Emperatrices vengativas
Incluso expresar compasión por la emperatriz podía tener consecuencias nefastas: en 1739 Avdotya L'vova, de Shlisselburg (Rusia), fue denunciada por cantar una canción sobre la problemática juventud de la emperatriz Ana de Rusia. La canción lamentaba que Ana tuviera que casarse con un príncipe extranjero por orden de su tío Pedro el Grande. Por cantar la canción, Avdotya L'vova fue torturada en un potro.
Bajo el mandato de Isabel de Rusia, decenas de personas fueron condenadas a trabajos forzados por hablar de la vida privada de la emperatriz y de sus favoritos. En 1742, un capitán del regimiento Preobrazhenski, Grigori Timiriazev, en una charla privada con su subordinado dijo que Isabel tenía cinco amantes, y que él conocía a algunos de sus hijos, y que muchos ascensos en la corte se hacían “gracias al amor, y sólo al amor”. El soldado que escuchó todo esto denunció a Grigori a la policía secreta, y el capitán fue despedido del servicio y enviado a una cárcel en Siberia.
Mencionar la vida privada o incluso hablar del sexo del soberano seguía siendo letal bajo Catalina II: se podía imponer una dura pena incluso por mencionar que la emperatriz era “baba” (término vernáculo ruso para “una mujer”), o que “es cosa del diablo inclinar la cabeza ante una mujer”, etc.
Sin embargo, no todos los soberanos rusos fueron tan vengativos y tan protectores de su nombre. En 1845 se introdujo en Rusia el primer Código Penal. En él se establecía que cualquier comportamiento ofensivo hacia el Emperador, los miembros de la familia imperial, o incluso sus retratos, era un delito. La pena podía ser conmutada si el delito se cometía en estado de embriaguez (porque, naturalmente, la mayoría de las ofensas verbales hacia el Emperador se escuchaban en bares y cantinas por parte de clientes borrachos).

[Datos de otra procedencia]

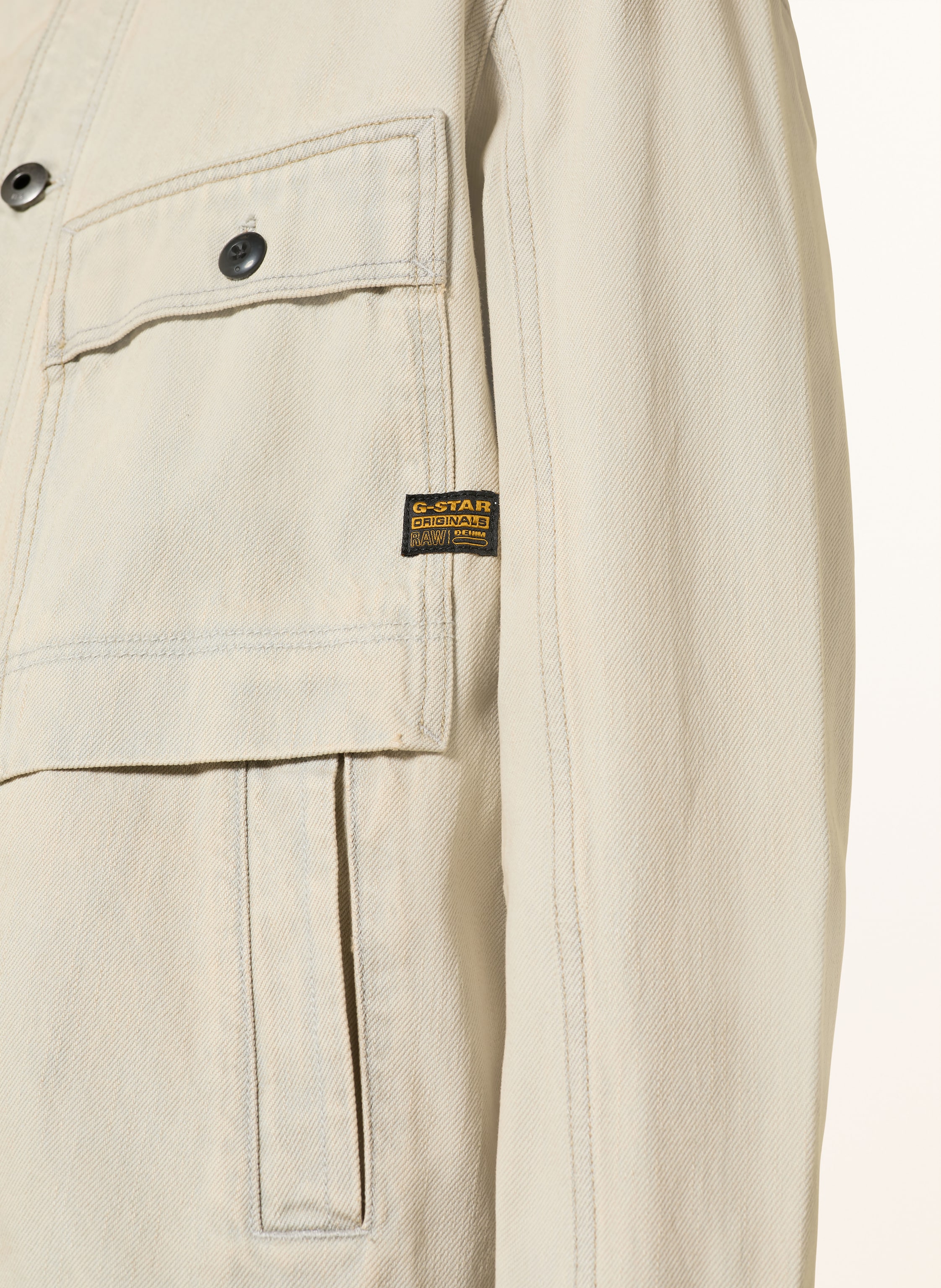 Thumbnail - G-Star Jeans-Overjacket Mosa beige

El emperador Nicolás I incluso trataba estos casos con humor. Una vez, un soldado llamado Agafón Suleikin se emborrachó en una taberna e incluso escupió al retrato del Emperador que colgaba en la pared. El caso fue denunciado y llegó a conocimiento del propio Nicolás I.
En lugar de enviar al pobre soldado a Siberia, Nicolás I ordenó: “Anuncia a Agafón Suleikin delante de todo su regimiento que yo también le escupí. Y como este desafortunado borracho no sabía lo que hacía, declaro el caso cerrado. Además, a partir de ahora queda prohibido colgar retratos reales en las tabernas”.
Sin embargo, algunos miembros de la familia real podían seguir utilizando su “inmunidad” para despreciar a sus propios súbditos. El príncipe Piotr Kropotkin recordaba en sus memorias cómo el joven Alejandro III, entonces Gran Duque durante el reinado de su padre Alejandro II, maldijo e insultó a un joven oficial que estaba a cargo del suministro de armas en el ejército imperial. El oficial, un sueco de nacimiento al servicio de Rusia, se sintió profundamente insultado. Sabía que no podía maldecir al Gran Duque Alejandro a cambio, ya que era un delito. “Inmediatamente se marchó y envió una carta al Gran Duque, en la que exigía que Alejandro se disculpara. El oficial añadió que si no había una disculpa en veinticuatro horas, se pegaría un tiro”.
Por desgracia, Alejandro no se disculpó y el oficial se suicidó. Cuando Alejandro II, el emperador, se enteró de esto, se puso furioso, escribió Kropotkin. “Alejandro II ordenó a su hijo que siguiera el féretro del oficial hasta la tumba; pero ni siquiera esta terrible lección curó al joven de la habitual arrogancia y mal genio de los Romanov”.